Our capital requirements are primarily dependent upon the pace of our new restaurant growth plan. The new restaurant growth plan is primarily dependent upon economic conditions, the real estate market and resources to both develop and operate new restaurants. In addition to new restaurants, our capital expenditure outlays are also dependent on the cost and potential obligation to invest in maintenance, facility upgrades, capacity enhancements, information technology and other general corporate capital expenditures.

The amount of capital required to open a new restaurant is largely dependent on whether we build-out an existing leased space or build from the ground up. Our preference is to find leased space for new restaurant locations, but depending on the availability of real estate in specific markets, we will take advantage of alternative strategies, which may include land purchases, land leases, and ground-up construction of a building to house our restaurant operation. We expect that a build-out of a new DRH-owned BWW restaurant will require an estimated cash investment of $1.7 million to $2.1 million (excluding potential tenant incentives). We expect to spend up to $0.3 million per restaurant for pre-opening expenses. Depending on individual lease negotiations, we may receive cash tenant incentives, which have historically been up to $0.4 million. The projected cash investment per restaurant is based on recent opening costs and future projections and may fluctuate based on construction costs specific to new restaurant locations.

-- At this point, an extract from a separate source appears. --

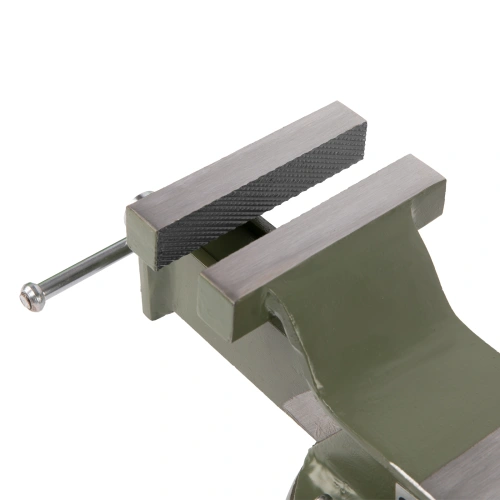 Тиски слесарные, 100 мм, стальные, поворотные Сибртех по ценам производителя в Воронеже с доставкой по всей России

We target a cash on cash payback on our initial total capital investment of less than four years. The expected payback is subject to how quickly we reach our target sales volume and the cost of construction.

Cash flow from continuing operations for First Quarter 2017 was $4.4 million compared with $4.3 million for First Quarter 2016. Net cash provided by operating activities consisted primarily of net earnings adjusted for non-cash expenses.

For 2017, capital expenditures are anticipated to be between $5.0 million and $6.0 million. We plan to use the capital as follows: approximately 50.0% for new restaurant openings and the remaining 50.0% for restaurant remodels, upgrades and other general corporate purposes. Any excess cash from operations will be used to accelerate pay down of our debt.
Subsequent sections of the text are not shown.